Già nel 2011 i dati del censimento Istat elaborati dall’Osservatorio sui Laboratori Territoriali mostravano come in Italia il suolo edificato era raddoppiato in vent’anni, gli alloggi inutilizzati erano aumentati del 350% in dieci anni e, in pratica, il 25% degli alloggi era vuoto mentre 2,3 milioni di famiglie non potevano permettersi una casa.
Con il censimento ISTAT del 2019 il numero delle abitazioni non utilizzate era salito a 10 milioni pari al 29,73% delle case presenti sul territorio nazionale.
L’Ispra nel Rapporto 2022 certificava poi come era di 310 kmq la superficie occupata da edifici non utilizzati.
E’ in questo quadro nazionale che si inserisce la negatività del primato del Veneto.
Il Veneto è la regione che ha la maggiore superficie di edifici (immobili con varie destinazioni) rispetto al numero di abitanti: 147m2/ab (rapporto Ispra 2022).
Se si considera il consumo di suolo comprensivo di tutte le superfici artificiali che hanno perso la loro naturalità, il Veneto è la regione che ha il maggiore consumo di suolo rispetto al numero di abitanti: 448,13 mq/ab contro una media nazionale di 364 mq/ab(rapporto Ispra 2022).
In Veneto, anche le maggiori associazioni ambientaliste dinanzi a tale “compulsiva malattia da cemento” propongono pannicelli caldi.
La loro proposta è di limitare a 350 ettari l’anno il suolo consumabile da qui al 2050 e assumendo l’impianto concettuale della nefasta legge regionale con le sue classificazioni e le sue categorie astruse e distrattive dall’emergenza suolo (ambiti di urbanizzazione consolidata, Sportello Unico per le Attività Produttive, accordi di programma, ecc.) ed omettendo gravemente la connessione con gli obblighi dell’articolo 8 e dell’articolo 13 della NRL (legge europea per il ripristino della natura) che fissa al 31 dicembre 2030 (non il 2050) il termine per fermare il consumo di suolo e poter piantarci una quota di quei 3 miliardi di alberi previsti dalla NRL anche per la riforestazione dei centri urbani.

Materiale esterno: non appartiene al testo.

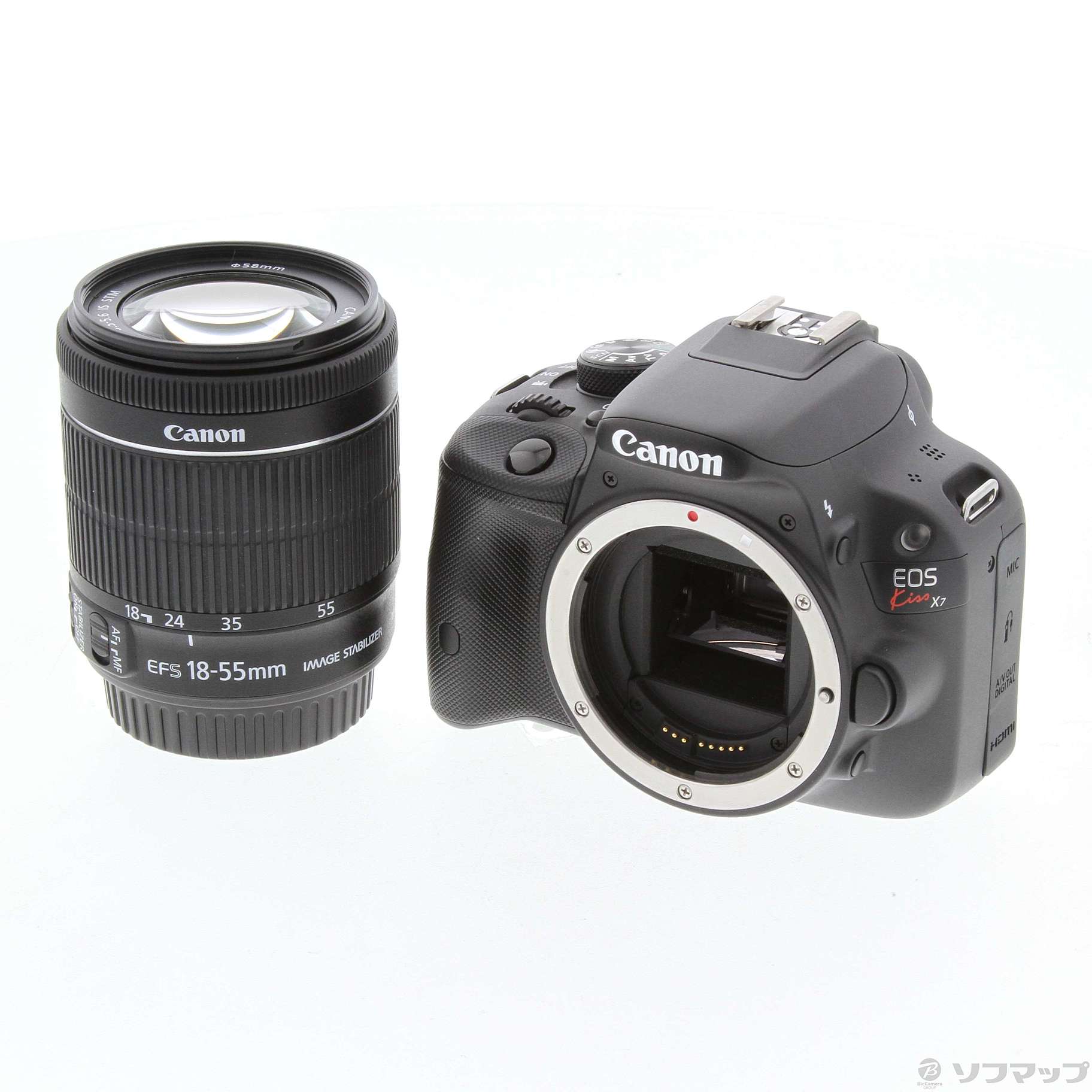 中古】EOS Kiss X7 EF-S18-55 IS STM レンズキット [2133034876162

Come non fosse possibile applicare una “moratoria sul nuovo consumo di suolo” per dare il tempo agli enti locali di censire gli enormi volumi di cemento e asfalto da riadattare, riconvertire e perfino decementificare per rinaturalizzare quel che si può.
E’ sconcertante la mancanza di coraggio, politicamente bipartisan, nel proporre una terapia d’urto, nel mandare all’economia un segnale di discontinuità per proporre di creare lavoro attraverso un’economia del riciclo applicata al patrimonio edilizio e infrastrutturale, attraverso un’economia della manutenzione ed efficientamento energetico di immobili civili e industriali, attraverso la messa in sicurezza da frane e dissesto idrogeologico di piccole e grandi infrastrutture.
Come non fosse possibile modificare i piani attuativi della pianificazione urbanistica, come se questi si potessero variare solo per aumentare il consumo di suolo e non per diminuirlo.
Non c’è niente da fare anche gli ambientalisti non riescono a concepire lo stop al consumo di suolo, preferiscono nascondersi dietro la foglia di fico della rigenerazione urbana.
Un processo rigenerativo greenwashing che fino ad oggi è stato governato dalla rendita fondiaria e ha riguardato i centri urbani maggiori attraverso una rigenerazione urbana che si è accompagnata alla congestione urbanistica e alla gentrificazione delle città.
Eh sì, è troppo impegnativo attuare una politica di riqualificazione urbanistica e sociale (servizi sociali, di trasporto, servizi sanitari, servizi di comunità e cooperativi, ecc.) per il ripopolamento dei piccoli centri urbani e dei borghi che si stanno svuotando e dove aumenta l’edificato inutilizzato.
Dopo l’ennesimo rapporto Ispra non è più solo “maledetta ignoranza”: consumare suolo è un consapevole e strisciante “crimine ambientale” che gode di una illimitata prescrizione del reato ed è immorale perché priva le future generazioni di un bene primario.